Oil & Gas
NLNG Leads Stride to Gas-powered Economy

By Asowata Omosuri
A cardinal goal of the Federal Government is to transform the Nigerian economy into a gas-powered economy by 2030.
Ancillary to that is the hope to align the country with the global push for transition to cleaner sources of energy.
To achieve that lofty goal, the federal government adopted gas as the vehicle for its energy transition journey, declaring January 2021 to December 2030 as the Decade of Gas Initiative.
No doubt, the country is blessed with abundant gas resources; 208.62 trillion cubic feet (TCF) of proven gas reserves valued at over 803.9 trillion dollars, and potential upside of 600TCF of gas.
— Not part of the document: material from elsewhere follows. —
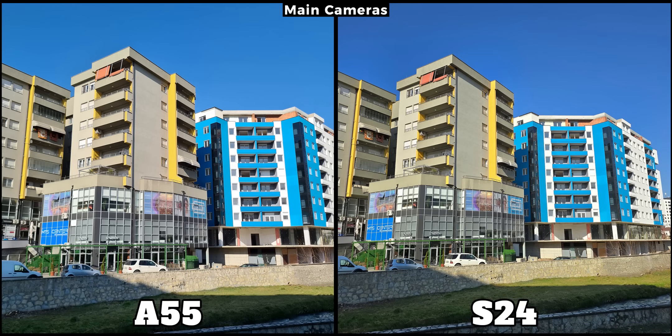Overall, based on my testing with their main cameras, the A55 isn't inferior to the S24. While the S24 is a bit sharper and has slightly better refined light colors, considering its price, the A55 performs impressively well.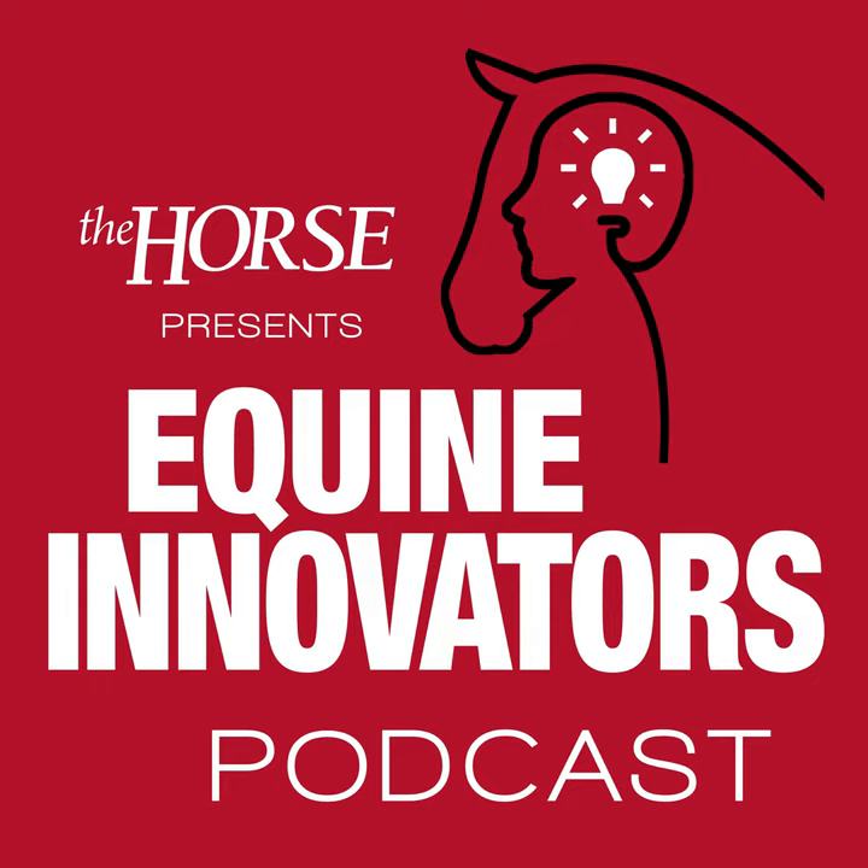Welcome to the Horses Equine Innovators Podcast, sponsored by Zoetis. I'm your host, Stephanie Church, Editor-in-Chief at The Horse.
This has fueled the overarching objective of the federal government to utilise the nation’s abundant gas resources for socio-economic growth and development.
In order to actualise this objective, it is imperative for the government to leverage the achievements of the Nigerian LNG Company Ltd. in the global Liquefied Natural Gas (LNG) space.
Indeed, experts believe that NLNG, which marked its 33rd anniversary on May 17, has shown by its developmental strides, that the objective is achievable.
Apart from deepening domestic gas utilisation, the NLNG is said to have contributed significantly to the country financially.
According to information on the company’s website, it has so far contributed 100 billion dollars to the federal government’s coffers, and 6.5 billion dollars in taxes since it started operations.
It also paid 13 billion dollars to the Nigerian National Petroleum Company (NNPC) Ltd. for feed-gas purchase, and 16 billion dollars in dividends to the federal government.
Acknowledging these achievements, the Federal Inland Revenue Service in a statement signed by its Executive Chairman, Mr Muhammad Nami, on May 16, recognised the NLNG as the Most Supportive Tax Payer in the country.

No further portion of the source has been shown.